If the Conservative party forms the next government, by 2020 the state will probably be the smallest it has been – in relation to GDP – for 80 years. So declared the Office for Budget Responsibility last Wednesday, in the wake of the autumn statement. By 2020, spending per head of population will have fallen by around a third in 10 years. In some areas – in our cities and our criminal justice system – the reductions will be even more draconian. This is the most dramatic change in state capability that any British government has ever engineered.
The chancellor may complain about the “hyperbolic” tone of some BBC reporting. But surely only in a one-party state would this dramatic plan not be discussed in appropriately dramatic terms. Britain is to become the site of a massive experiment in economic and social libertarianism whose authors have never fessed up to the sheer audacity and scale of what they are doing. They have just dumbly insisted there is no alternative. The autumn statement was the moment the implications became clear.
A financial crisis has been allowed to morph into a crisis of public provision because the government of the day will not lift a finger to compensate for the haemorrhaging of the UK tax base. What the state does is not the subject of a collective decision with concerned weighing of options. Instead, it’s an afterthought, with the greater priorities a reduction in public borrowing and freezing or lowering tax rates.
All the state can spend is what is left after those two greater priorities are met, and if it has to shrink to pre-modern levels then so be it. The market will provide: charity will alleviate suffering; people will get by; the roof will not fall in. Lifting taxation can never be considered to close the gap. It is, it is alleged, both economically self-defeating and immoral.
A cool £54bn has gone missing since 2010. Then the government projected that in 2014/15 its total tax revenues would be £700bn. In fact, they will be £646bn, according to the OBR. Public spending, on the other hand, has behaved almost exactly as forecast. In 2010, the government projected that its spending would be £738bn in this financial year. The Treasury is to be congratulated on its capacities as national book-keeper in chief. The actual figure is £737bn, an accuracy I doubt many private companies could reproduce – or even individual readers of the Observer. It is not runaway public spending that is causing borrowing to stay stubbornly high, thus triggering the extreme shrinkage of the state: it is the hollowing out of the tax base.
There are three principal causes. The first is that the structure of the economic recovery is delivering a reduced tax yield. There are too many low-paying jobs and pay on average is stagnating, so that aggregate income tax revenues are growing much less rapidly than in previous recoveries. We are drinking and smoking less, so there is less revenue from alcohol and tobacco duties. Altogether this accounts for around a third of the shortfall.
Another third is a result of the chancellor wanting to show his tax-cutting credentials as a true Thatcherite man: he has cut corporate tax rates, frozen the business rate, not adjusted council tax bands upwards, not increased petrol duties, lowered the top rate of tax and increased personal allowances.
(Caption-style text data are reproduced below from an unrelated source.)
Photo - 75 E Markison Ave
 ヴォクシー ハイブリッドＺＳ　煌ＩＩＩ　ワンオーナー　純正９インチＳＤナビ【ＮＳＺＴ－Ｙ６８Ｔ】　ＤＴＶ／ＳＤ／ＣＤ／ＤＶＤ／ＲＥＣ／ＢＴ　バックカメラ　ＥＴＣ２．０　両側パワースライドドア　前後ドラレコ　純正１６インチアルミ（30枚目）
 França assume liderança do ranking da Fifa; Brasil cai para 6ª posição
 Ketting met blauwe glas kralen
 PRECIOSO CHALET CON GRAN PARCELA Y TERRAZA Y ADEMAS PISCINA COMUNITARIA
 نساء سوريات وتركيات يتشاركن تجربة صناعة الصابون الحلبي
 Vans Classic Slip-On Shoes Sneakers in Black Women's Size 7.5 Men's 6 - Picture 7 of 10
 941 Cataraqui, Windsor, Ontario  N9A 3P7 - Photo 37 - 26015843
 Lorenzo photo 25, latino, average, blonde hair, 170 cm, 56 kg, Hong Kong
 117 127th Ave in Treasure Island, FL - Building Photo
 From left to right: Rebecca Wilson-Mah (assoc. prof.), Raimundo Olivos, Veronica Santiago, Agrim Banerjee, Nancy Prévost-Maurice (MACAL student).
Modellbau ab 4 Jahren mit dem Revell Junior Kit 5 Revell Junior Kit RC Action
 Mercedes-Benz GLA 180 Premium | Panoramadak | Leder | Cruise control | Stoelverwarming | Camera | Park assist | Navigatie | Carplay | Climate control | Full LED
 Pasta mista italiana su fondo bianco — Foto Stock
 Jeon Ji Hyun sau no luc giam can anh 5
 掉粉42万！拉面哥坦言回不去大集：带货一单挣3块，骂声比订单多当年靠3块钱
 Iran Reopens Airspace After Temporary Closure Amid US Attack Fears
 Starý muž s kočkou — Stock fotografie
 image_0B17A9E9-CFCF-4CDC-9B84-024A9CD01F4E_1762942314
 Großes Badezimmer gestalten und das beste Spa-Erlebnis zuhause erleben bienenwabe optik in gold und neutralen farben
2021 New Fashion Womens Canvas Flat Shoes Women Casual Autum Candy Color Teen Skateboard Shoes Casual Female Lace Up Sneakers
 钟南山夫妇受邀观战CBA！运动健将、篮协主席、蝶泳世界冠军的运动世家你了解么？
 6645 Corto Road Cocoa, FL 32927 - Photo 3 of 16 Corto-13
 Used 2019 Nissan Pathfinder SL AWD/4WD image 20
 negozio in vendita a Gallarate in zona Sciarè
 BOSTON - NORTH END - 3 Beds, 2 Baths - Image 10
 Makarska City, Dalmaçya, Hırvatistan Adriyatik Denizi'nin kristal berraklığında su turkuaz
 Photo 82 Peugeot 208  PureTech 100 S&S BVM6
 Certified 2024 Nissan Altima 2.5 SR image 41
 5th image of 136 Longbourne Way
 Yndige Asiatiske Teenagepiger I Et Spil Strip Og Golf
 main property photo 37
The last element is down to our living with an epidemic of tax avoidance and evasion, as the last G20 summit recognised – and which even Osborne says he deplores. Too many companies and rich individuals are gaming the system.
Put all this together and Britain has lost that £54bn. But matters are made worse by the interaction of Britain’s highly centralised Treasury and a chancellor with Osborne’s instincts. Giles Wilkes, former adviser to Vince Cable, and Stian Westlake, research director at Nesta, write in an important paper, The End of the Treasury, that the Treasury inverts the way that spending and taxing decisions should be made. It starts with a target for borrowing, not differentiating great capital projects such as London’s Crossrail from spending on the NHS. Then it projects tax revenues assuming no changes, and sets aside money for fixed obligations, such as pensions.
Finally, departments fight over the left-overs on a year by year basis, with the Treasury policing spending with a ferocious rigidity. The benefit is that it can control spending to the last billion. The cost is that there is never a weighing up of the benefits of raising taxes against a particular use for public spending, nor any strategic long-term programme of investment.
This is bad enough in ordinary times, but when a chancellor refuses to consider raising taxes as the tax base collapses it is a recipe for disaster. It results in a minimal state, with implications for prisons, schools, courts, policing, legal aid, care, security and defence that are profound. Some of this could be avoided if, as both Labour and the LibDems propose, capital investment was not lumped in with current spending so that virtuous borrowing could be separated out. The country may also get lucky: wages stop stagnating and income tax receipts rise.
But the bigger truth is that if Britain wants the scale of public activity congruent with a civilised society, it has to be paid for. The reaction will be hysterical, but lifting taxes by 3% of GDP to 38.5% to find the missing £54bn will still leave Britain below the crucial 40% benchmark, thus undertaxed by comparison with most advanced countries. The whole system of property taxation needs overhauling. The VAT base can be broadened. Environmental taxes can be extended. Osborne’s proposals to ensure companies pay tax on UK revenues need to be tougher and introduced earlier. The income tax system needs reshaping.
None of this is easy. But neither is reducing the state to its smallest level for 80 years. Reducing spending on schools further is surely short changing our children. How much smaller should the army, navy and air force become? Is the welfare system to return to a system of discretionary poor relief? Do we share the libertarian view that the state is worthless – and there is no co-dependency between public and private? What role do we want the state to have in our civilisation? The right would have it that none of these questions can be asked because all involve an increase in taxation: our only future is a 1930s scale state.
There is a different future, and our politicians of the centre and left have to argue for it, but they must accept it has to be paid for. This has become an existential divide. Politics and political argument have never mattered more.

Friday, 10 July 2009

Indian Economy 2008-09

 

Indian Economy 2008-09

Slightly more than two years ago, the worst recession since the Great Depression, set in, notwithstanding all the claims from big-wigs of economic science that the days of ups and downs were long past. It was recalled that similar claim was made on October 15, 1929 when one of the tallest economists of America, Irving Fisher of the Yale University, declared that stock prices had reached "what looks like a permanently high plateau." Just a fortnight after this claim, Wall Street went down, taking the entire world, except the Soviet Union, with it. It took the world economy 25 years to return to the 1929-level. Thanks to Keynes, the myth of rational market was given up.

 

This myth was resurrected from the oblivion towards the last quarter of the 20th century by Thatcher and Reagan regimes under their mentor, Milton Friedman of the University of Chicago. Friedman, to quote Justin Fox (whose recently published book The Myth of the Rational Market is being widely discussed), "never believed markets were perfectly rational, but ... they were more rational than governments."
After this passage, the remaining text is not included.